DATASET EXCERPT
'''
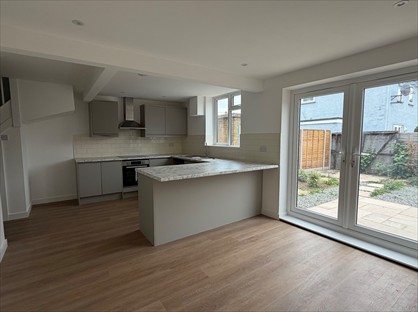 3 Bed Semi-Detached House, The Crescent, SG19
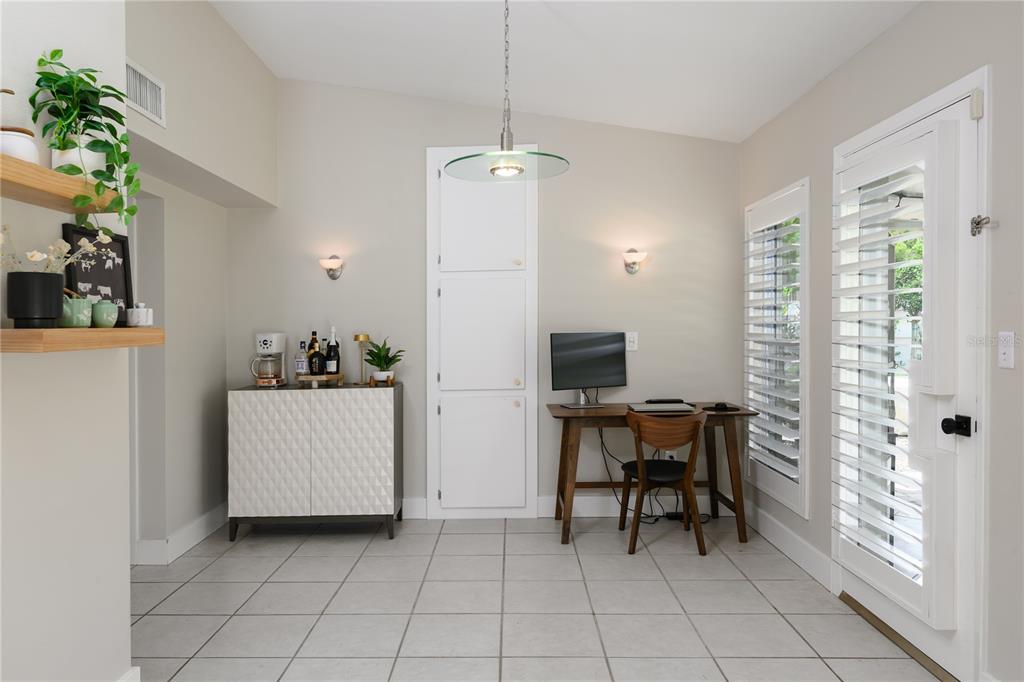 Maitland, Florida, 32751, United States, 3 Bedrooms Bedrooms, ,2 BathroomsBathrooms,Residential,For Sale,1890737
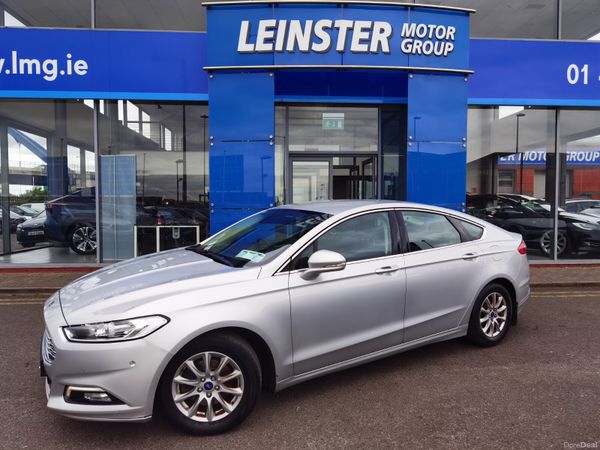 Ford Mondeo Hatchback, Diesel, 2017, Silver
'''
YOUR ASSIGNMENT
Copy the whole listing exactly, excluding the pictures in it.

RESPONSE FOR THIS EXERCISE
 3 Bed Semi-Detached House, The Crescent, SG19
 Maitland, Florida, 32751, United States, 3 Bedrooms Bedrooms, ,2 BathroomsBathrooms,Residential,For Sale,1890737
 Ford Mondeo Hatchback, Diesel, 2017, Silver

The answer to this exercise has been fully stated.